Before picking up Austin Rogers's Sacred Planet: Book One of the Dominion Series, take note of the fact that it is book one. I point that out to help you avoid making the same mistake I did. I expected Rogers to wrap things up neatly as I got closer and closer to the end. He didn't. In some series of novels, each volume stands alone while building a fuller story. In Rogers's case, it appears he's building one long epic. This isn't a criticism, just a word about what to expect.
Now, for the story itself. Sacred Planet is an epic space opera. Rogers builds a future of mankind, a few centuries out, that still looks to Earth as the cradle of civilization and pilgrimage planet. The political arrangements and conflicts (as well as other story elements) might remind the reader of the Star Wars universe. One of the main characters, a space salvager named Davin, and his ship and crew might remind the reader of the short-lived Firefly TV series.
The story begins with Davin thinking they've struck gold. A luxury ship has been hit, and they are in place to get some booty. When they find a survivor, the daughter of an important politician, floating among the wreckage, their lives get a lot more complicated, and the balance of power in the galaxy gets a lot more interesting.

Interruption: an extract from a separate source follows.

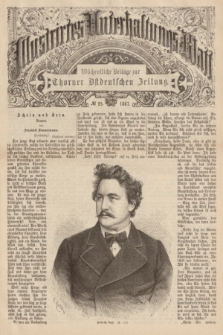 Illustrirtes Unterhaltungs-Blatt : Wöchentliche Beilage zur Thorner Ostdeutschen Zeitung. 1887, № 22 ([29 Mai])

Rogers crafts the story and characters well, as he darts from the ship to political deliberations to an uprising of commoners. It's all related, but, this being the first volume of the series, the threads are not fully brought together. The good news for Rogers is that the story lines are strong enough that I think it will be worth checking out volume two.
Thanks to the author for the complimentary electronic review copy!